> **EXERCISE DIRECTIONS**: Beginning with the line that contains "2 beds, 1 bath, 800 sqft, $850, Unit 797", restate each line below through the final one exactly, and exclude the pictures.

Segment Start: PROVIDED RECORDS

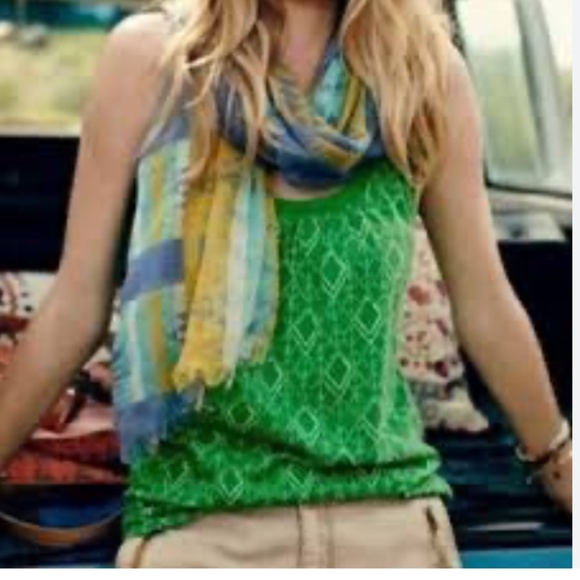 Akemi + Kin Emerald Green Patterned Tie-Back Top • Women’s S - Picture 4 of 4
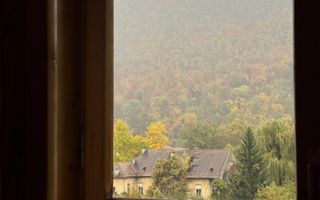 Casă individuală cu priveliște spectaculoasă – Ultra central Brașov - Poză 13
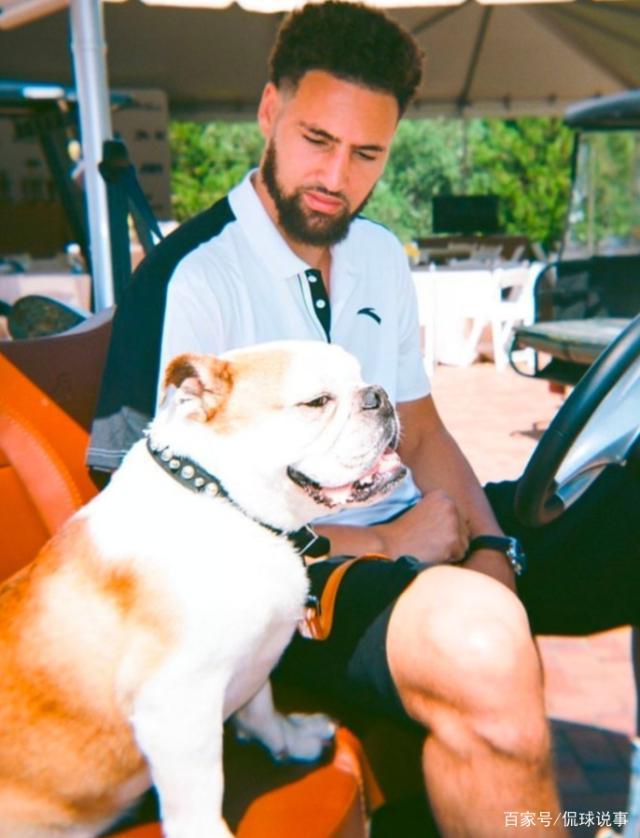 汤普森开练了小腿粗壮肌肉发达灌水水管轮胎周琦又被打脸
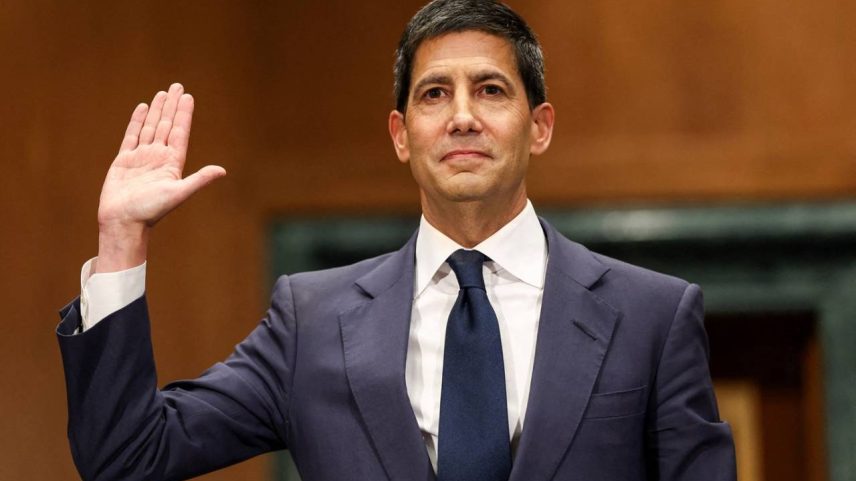 Kevin Warsh, indicado pelo presidente dos Estados Unidos, Donald Trump, para ser o próximo presidente do Federal Reserve, presta juramento antes de depor em sabatina de confirmação na Comissão de Bancos do Senado, no Capitólio, em Washington, D.C., em 21 de abril de 2026. REUTERS/Kevin Lamarque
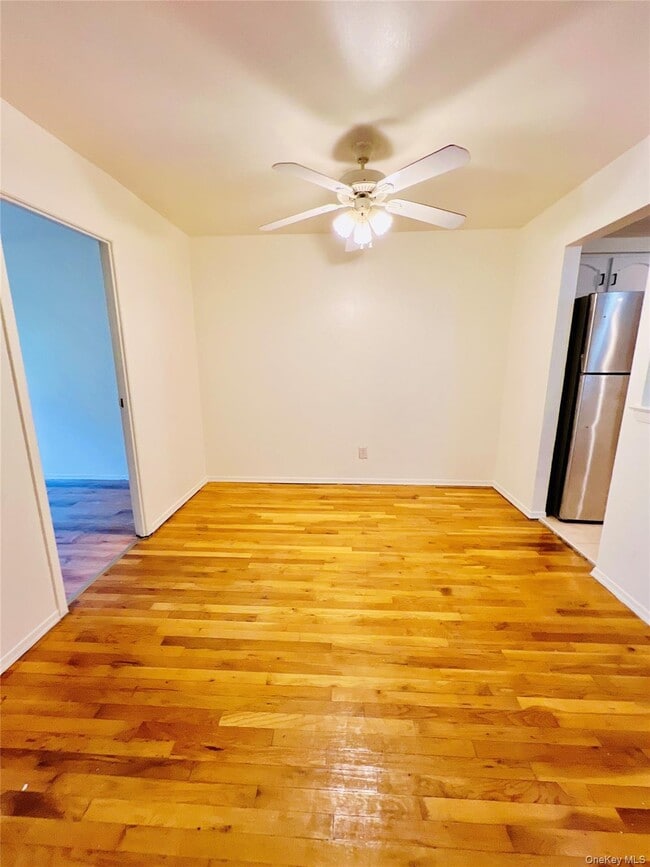 Building Photo - 13-27-27 Bell Blvd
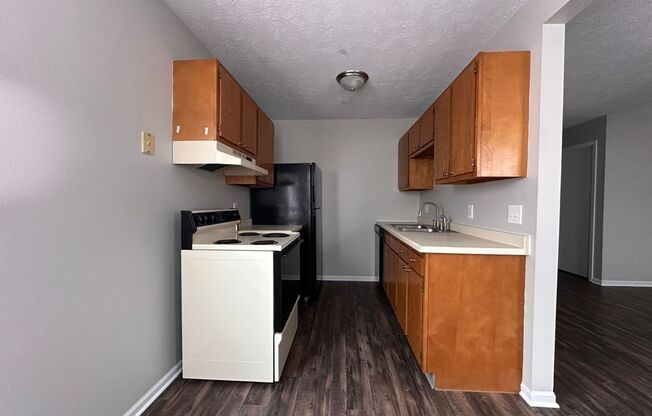 2 beds, 1 bath, 800 sqft, $850, Unit 797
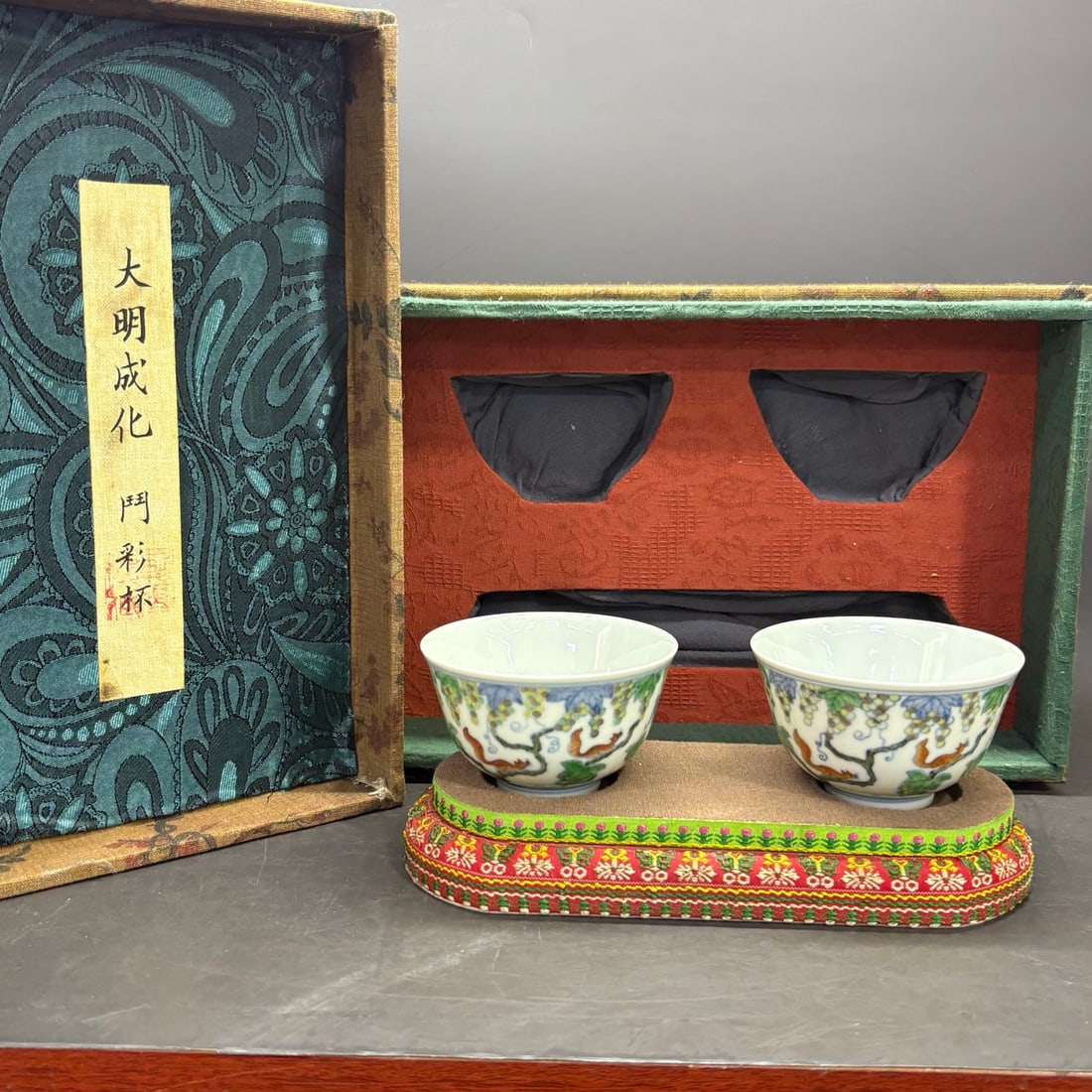 Ming Chenghua Doucai Squirrel and Grape Pattern Cup (1 of 9)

Segment End: PROVIDED RECORDS

> **ANSWER FOR THE TASK**:
 2 beds, 1 bath, 800 sqft, $850, Unit 797
 Ming Chenghua Doucai Squirrel and Grape Pattern Cup (1 of 9)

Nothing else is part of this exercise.